История Консульства и Империи. Книга I. Консульство (Тьер) - страница 32

Я чужд всякого чувства суетной славы, и первое мое желание — остановить кровопролитие. Из всего видно, что в будущей кампании, случись таковая, многочисленные и искусно управляемые войска утроят число жертв, павших уже при возобновлении враждебных действий.

Я слишком хорошо знаю характер Вашего Величества, чтобы усомниться в желании Вашего сердца. Если Вы последуете только его внушениям, я вижу возможность согласовать интересы обеих наций.

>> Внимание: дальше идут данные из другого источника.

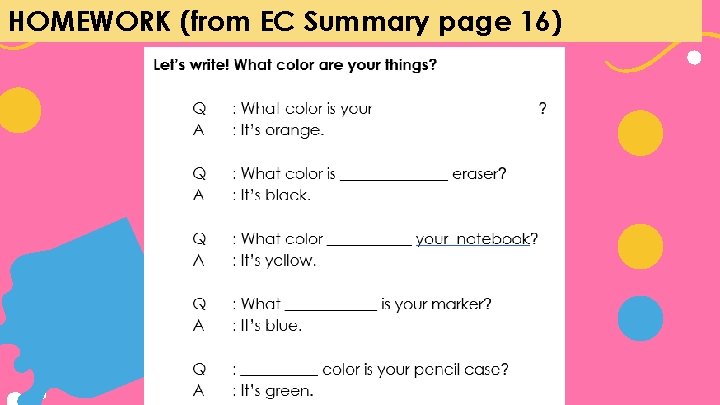 HOMEWORK (from EC Summary page 16)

В предшествовавших отношениях я был лично удостоен некоторой благосклонности Вашего Величества. Прошу принять мой теперешний поступок как желание сделаться достойным этой благосклонности и как знак моего особенного уважения к Вашему Величеству.

Бонапарт,

Первый консул Французской Республики».

Если бы сила действия, которую новый законодатель обозначил в своей конституции, создав Первого консула и выбрав для этого звания величайшего полководца своего времени, не согласовалась со свободой, все готовы были пожертвовать для нее даже свободой; но общее желание все же клонилось к тому, чтобы силу власти по возможности согласовывать с силой свободы. Так думали не низкие возмутители, не отъявленные республиканцы, но все люди умные и образованные, которым не хотелось, чтобы революция так скоро и так положительно сама себя изменила.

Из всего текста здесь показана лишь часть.